The government of the Falkland Islands has passed legislation legalising gay marriage.
The Legislative Assembly for this small British overseas territory approved the bill by seven votes in favour to just one against. Not only does the new law grant gay and lesbian couples full marriage rights, it also introduces civil partnerships. Unlike in England and Wales, such partnerships on the Falklands will be available to anyone, including straight couples.
This bill followed a public consultation taken on the islands in the South Atlantic Ocean, which have a population of around 3,000 people. The consultation revealed that an overwhelming majority – 90 per cent – of respondents were in favour of allowing same sex marriage. Eighty-seven per cent also said that churches should be allowed to perform gay weddings if they chose to do so.

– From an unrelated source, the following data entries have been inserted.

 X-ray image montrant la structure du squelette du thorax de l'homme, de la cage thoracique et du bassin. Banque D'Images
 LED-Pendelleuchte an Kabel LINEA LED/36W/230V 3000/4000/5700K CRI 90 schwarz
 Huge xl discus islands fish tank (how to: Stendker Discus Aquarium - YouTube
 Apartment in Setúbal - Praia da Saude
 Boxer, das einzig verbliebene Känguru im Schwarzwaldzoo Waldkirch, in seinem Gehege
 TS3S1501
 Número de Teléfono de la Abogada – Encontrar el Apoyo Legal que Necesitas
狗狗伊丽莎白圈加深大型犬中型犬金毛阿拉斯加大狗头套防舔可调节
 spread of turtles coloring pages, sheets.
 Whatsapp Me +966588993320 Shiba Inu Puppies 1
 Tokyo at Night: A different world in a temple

The idea of civil partnerships for all couples was even more popular among those who responded to the consultation, with 94 per cent supporting its introduction.
Speaking to Pink News, a spokesperson for the Falklands said the new legislation “sends a clear and powerful message that all people and all relationships are equal” and its introduction “reflects the Falkland Islands’ tradition of being an open, tolerant and respectful community”.
Civil partnerships will be placed “on an equal footing with marriage” under the new law so couples “who wish to solidify their relationship with legal underpinning, but who do not wish to go down the traditional route of marriage” will not miss out on any rights, the spokesperson explained. Parental rights will be equal regardless of what kind of legal recognition a couple chooses. Sexual orientation will likewise be a non-factor, as “parents to a child may be two mothers or two fathers”.
The islands are planning to hold an event celebrating this step forward for gay rights later in the month. It will be the southernmost LGBT Pride event in the world.